In a video posted on his Facebook page in the aftermath of the shootings, Mateen’s father Seddique Mateen, who in prior posts railed against both Pakistan and Afghanistan’s government, described his son as a good, educated boy who admired and respected his parents.
“I really don’t know what the motive was behind his act and I didn’t know he was so aggressive and angry about gays,” Mateen said. He blamed Pakistan for creating mental illness in Afghan youths, saying it had brought “sorrow, terrorism and deaths” to Afghanistan.
Ramadan Period
Representative Adam Schiff of California, the top Democrat on the House intelligence committee, said in a statement that Islamic State leaders have been urging attacks during the Muslim holy period of Ramadan, which started this month. It’s also LGBT Pride month in the U.S., raising additional questions about the attack as a hate crime against the club’s gay clientele.
FBI field offices around the country are constantly evaluating their surveillance operations and what investigations to prioritize, said Henry, the former FBI official who is now president of cybersecurity company CrowdStrike Services.
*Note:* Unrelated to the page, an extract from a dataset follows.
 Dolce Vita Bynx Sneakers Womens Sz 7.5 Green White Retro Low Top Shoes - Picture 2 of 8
"The overwhelming numbers and the somewhat limited resources of the FBI do not allow them to track everybody all the time," Henry said.
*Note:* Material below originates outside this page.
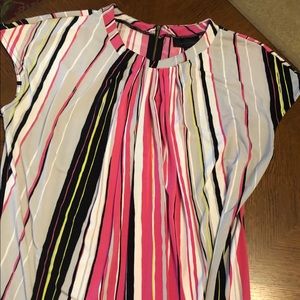 Cute dressy top...great summer colors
The attack also points to another troubling aspect in the fight against extremism.
Seizing Territory
Early on, Islamic State was viewed as less of a direct threat to the U.S. and Europe than other groups such as al-Qaeda because it was focused on seizing territory for its claimed caliphate. But Islamic State should be seen as both an insurgency -- which is struggling to hold on to its territory -- and as a global terrorist organization, which is recording successes, said Charlie Winter, a senior research associate at Georgia State University who studies transnational jihadist movements and insurgencies.
In terms of its ability to inspire attacks, Islamic State "looks more powerful than it has before," Winter said in a phone interview from Atlanta.
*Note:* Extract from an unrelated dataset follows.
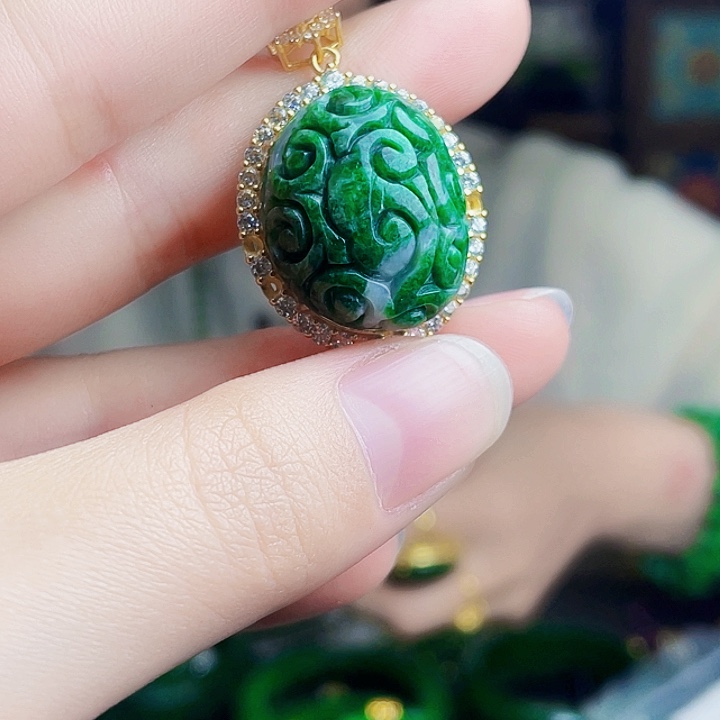 翡翠银S925镶嵌颈饰多样性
One of the main unanswered questions now is whether the FBI informed local police officers in Florida so they could have kept tabs on Mateen, said Representative Peter King, a New York Republican who serves on the House Intelligence and Homeland Security committees.
"Often one incident by itself doesn’t mean anything," King said. "I hope that it turns out the FBI did share that information with the local police. If not, then that would definitely be a problem."
Coordination between the FBI and local police about suspects should have been learned from the Boston Marathon bombing in 2013, King said. Deceased bomber Tamerlan Tsarnaev came to the attention of the FBI before the attack, but that case was also closed and the information wasn’t shared with local authorities, King said.
Stopping lone-wolf attacks in the U.S. is "extremely difficult" because law enforcement and intelligence officials are limited by laws in terms of how much internet surveillance they can do of suspects, as well as by the resources they have, King said.
"In many ways it’s searching for a needle in the haystack," King said. "The FBI doesn’t have the personnel to keep tabs on everybody."